TASK DESCRIPTION:
Exactly reproduce the line containing "Capa de Banho" and all later lines to the end of the entries, leaving the pictures out of your copy.
◆ ◆ ◆ ◆ ◆ ◆ ◆
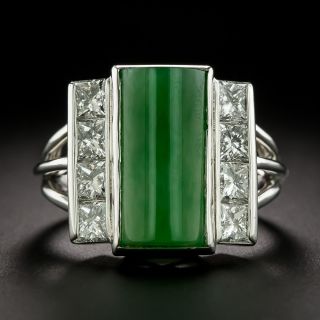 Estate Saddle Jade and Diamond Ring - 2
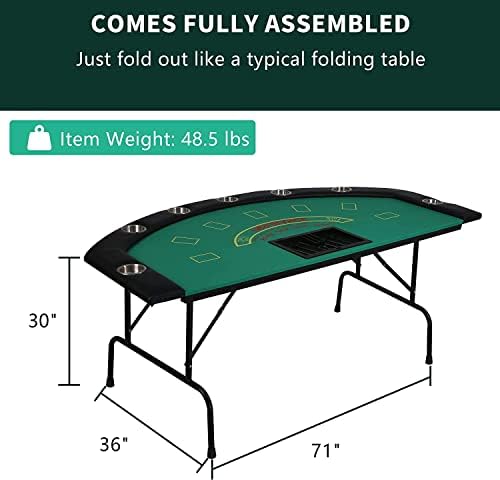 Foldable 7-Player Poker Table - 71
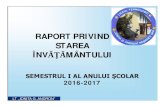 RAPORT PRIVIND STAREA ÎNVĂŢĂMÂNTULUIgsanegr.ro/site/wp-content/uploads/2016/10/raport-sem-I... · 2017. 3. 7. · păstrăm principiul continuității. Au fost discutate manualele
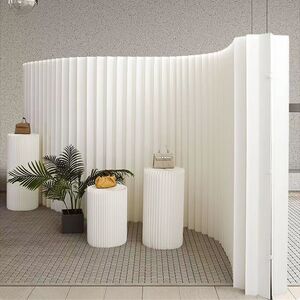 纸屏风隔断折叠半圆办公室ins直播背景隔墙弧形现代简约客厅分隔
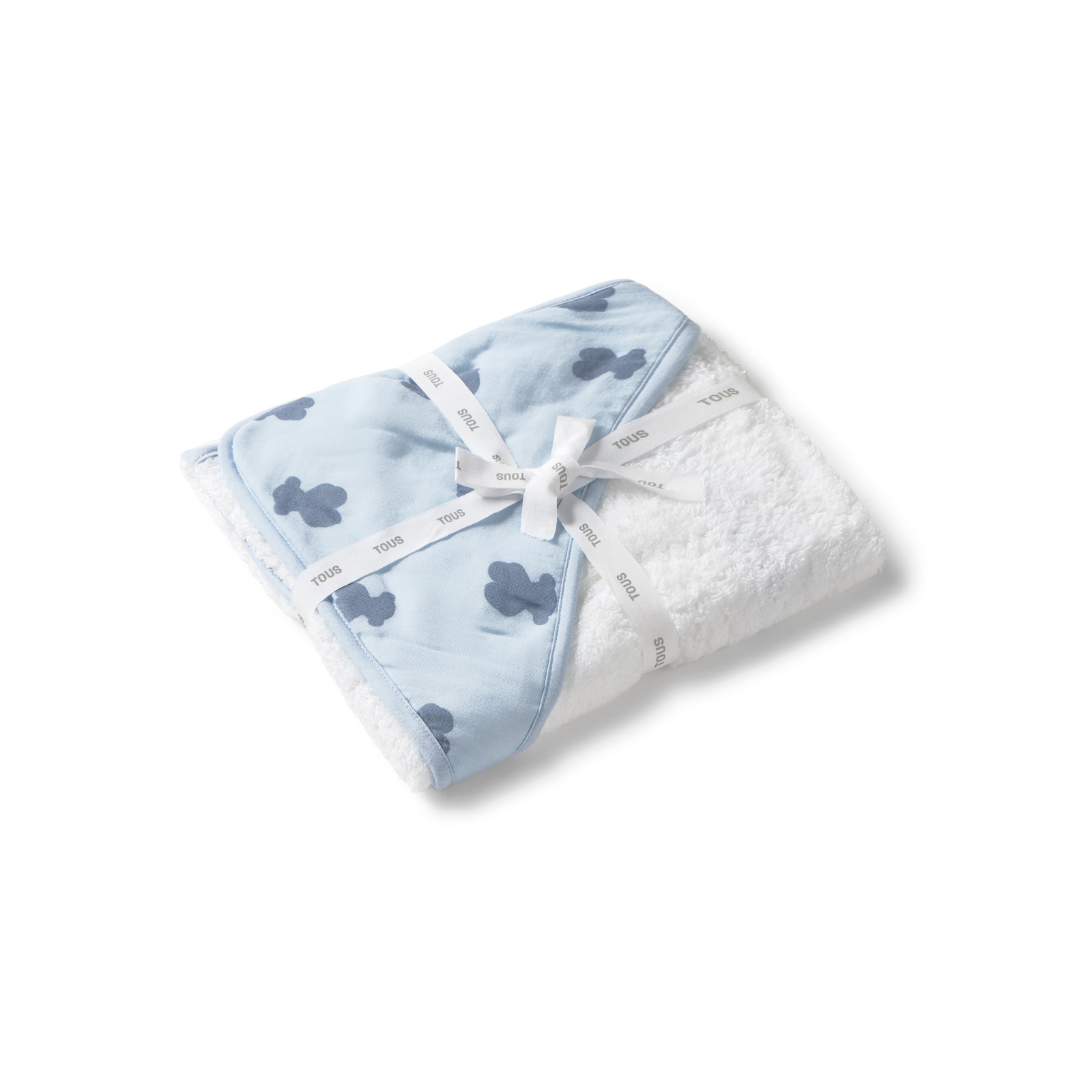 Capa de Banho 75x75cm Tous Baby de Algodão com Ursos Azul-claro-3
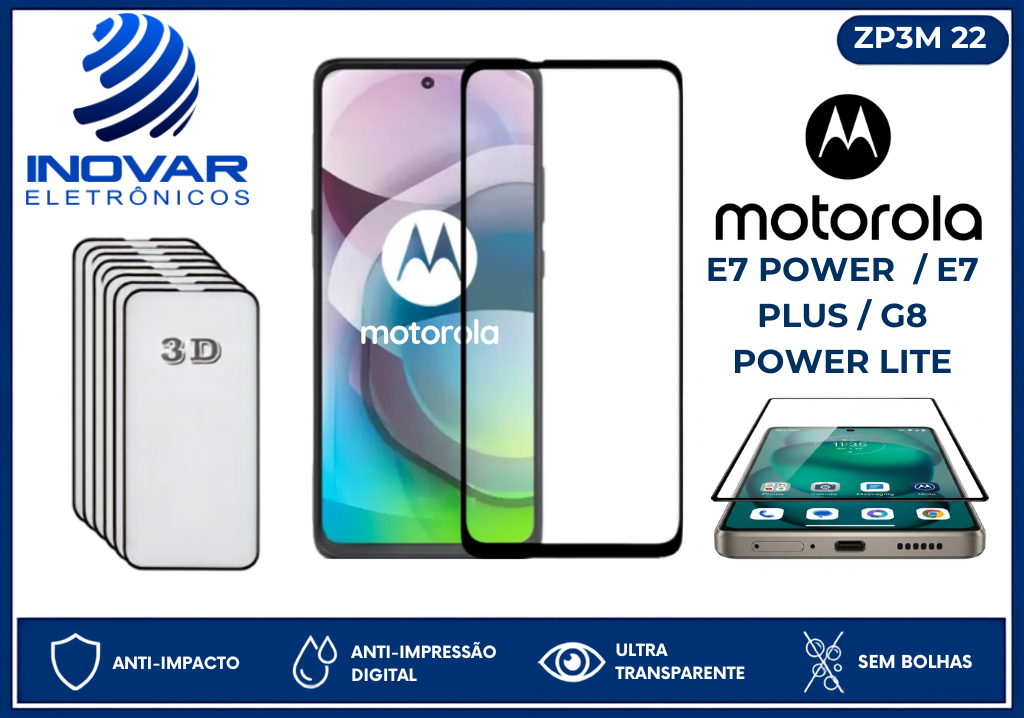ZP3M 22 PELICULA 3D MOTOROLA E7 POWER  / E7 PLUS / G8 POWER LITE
◆ ◆ ◆ ◆ ◆ ◆ ◆
FINISHED TASK:
 Capa de Banho 75x75cm Tous Baby de Algodão com Ursos Azul-claro-3
ZP3M 22 PELICULA 3D MOTOROLA E7 POWER  / E7 PLUS / G8 POWER LITE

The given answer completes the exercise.